Os provérbios que devemos ler hoje são muito interessantes e, para variar, sábios. A palavra dita ao seu tempo, na nossa leitura, diz que é como maçãs de ouro em salvas de prata. Na tradução da Nova Versão Internacional está escrito que “a palavra proferida no tempo certo é como frutas de ouro incrustadas numa escultura, numa moldura, de prata.” Ou seja, palavra certa, na hora certa, não tem dinheiro que paga. E se a palavra é boa quando é dita no tempo certo, então, é óbvio que existe também o tempo do silêncio, tempo em que é melhor não existirem as palavras.
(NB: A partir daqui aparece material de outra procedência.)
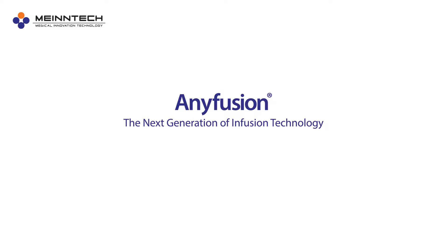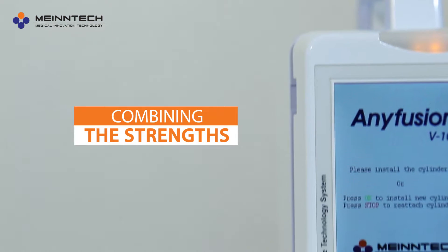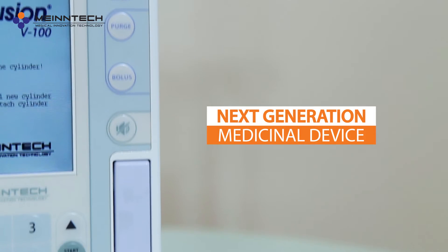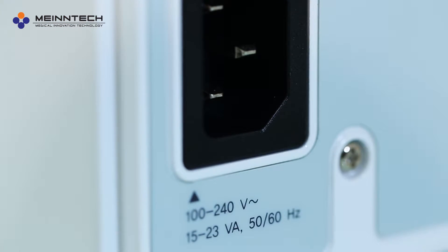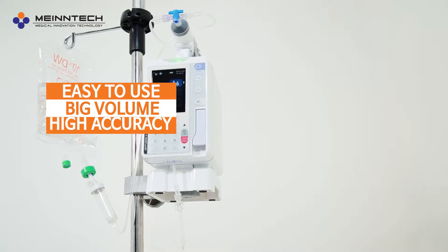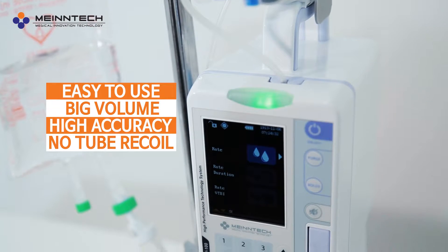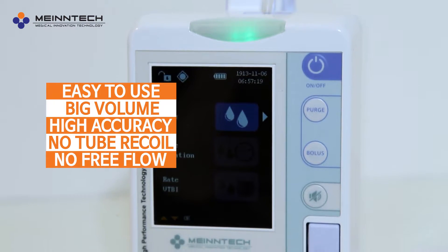Anyfusion — the next generation of infusion technology. Anyfusion solves the two previous pump styles by combining the strengths of both, a truly innovative next-generation medical fluid pumping device. Its simple and controlled design, high accuracy, and no tube recoil makes it a safe infusion pump without free flow.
Ao fazermos silêncio, desenvolvemos a capacidade de ouvir. Essa capacidade é tão importante como a de falar.
Isso me lembra uma história do mundo grego antigo. Diz que uma vez, teve um rapaz que pediu para que Sócrates ensinasse a ele tudo o que pudesse sobre oratória. Esse jovem queria aprender a arte de falar bem em público, buscando a ajuda, nada mais nada menos, do filósofo que foi simplesmente um dos maiores pensadores da Grécia antiga. A ele, muito se deve hoje da filosofia ocidental. Esse rapaz que queria ser aluno de Sócrates falava demais. Então, Sócrates exigiu o dobro do preço normal pelas aulas.
O rapaz ficou indignado e perguntou ao mestre:
- Mas por que o senhor está me cobrando o dobro?
Então Sócrates respondeu:
- É porque terei que ensinar a você duas ciências: uma é a que você está me pedindo, que é sobre como falar em público; mas a outra terei que ensinar antes dessa, que é acerca de como refrear a língua. Isso parece fácil: dominar a língua - Sócrates continuou explicando - mas não é. Primeiro, você precisa ser versado em conseguir dominar a língua deixando-a em repouso quando necessário, caso contrário, sofrerá grandes e graves consequências. E o pior, conseguirá gerar muita perturbação.
Essas palavras de Sócrates têm validade até hoje. O livro de Tiago ensina isso no capítulo três. Nossas palavras podem constituir tanto uma fonte de força e encorajamento quanto de fraqueza e desalento; elas podem tanto edificar quanto dilacerar.
Diante disso, o que fazer? Permita que o poder da Palavra de Deus controle sua mente, porque ela é boa. Isso você pode fazer lendo a Bíblia. Ah! E leia em silêncio, ok? Rs rs rs.